* **Work order**: Look for the line with "Водолазка из мериносовой шерсти UNIQLO" in the data below, then reproduce word for word that line and every line after it. Leave out all pictures and add nothing.

* **Available data**:

⁂

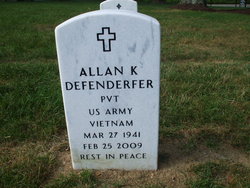 Pvt Allan Kent Defenderfer 
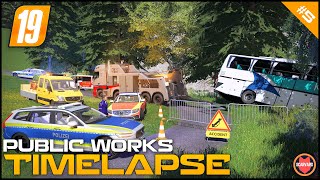 🇦🇹 Bus Crashed On A Twisty Road - Car Accident - Public Works ⭐ FS19 Walchen TP screenshot 5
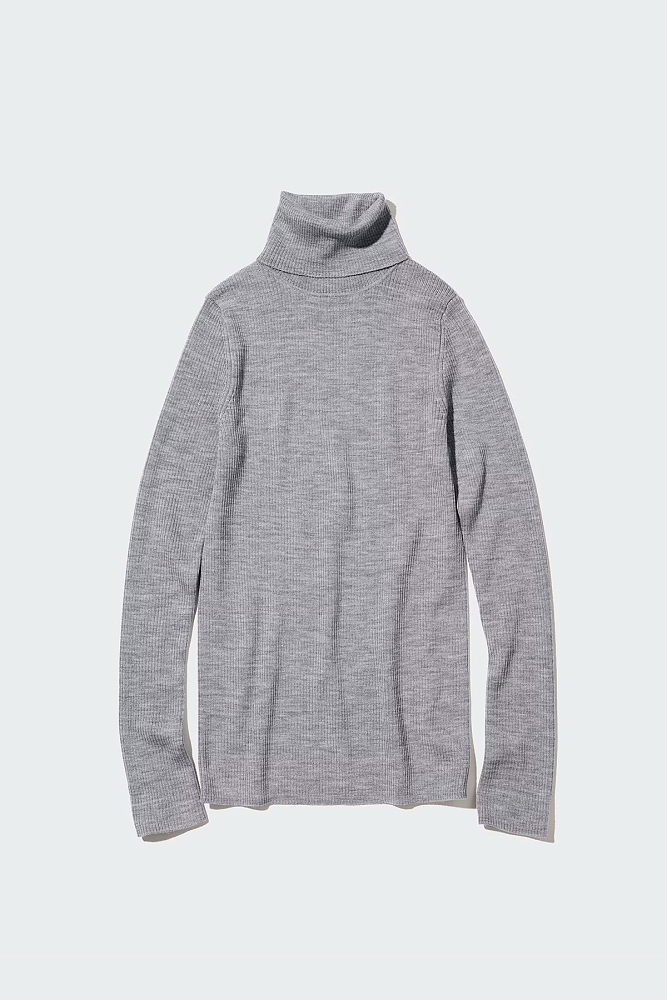 Водолазка из мериносовой шерсти UNIQLO
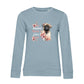 Pastell Mops – Bio-Sweatshirt für Damen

⁂

* **Output of the exercise**:
 Водолазка из мериносовой шерсти UNIQLO
 Pastell Mops – Bio-Sweatshirt für Damen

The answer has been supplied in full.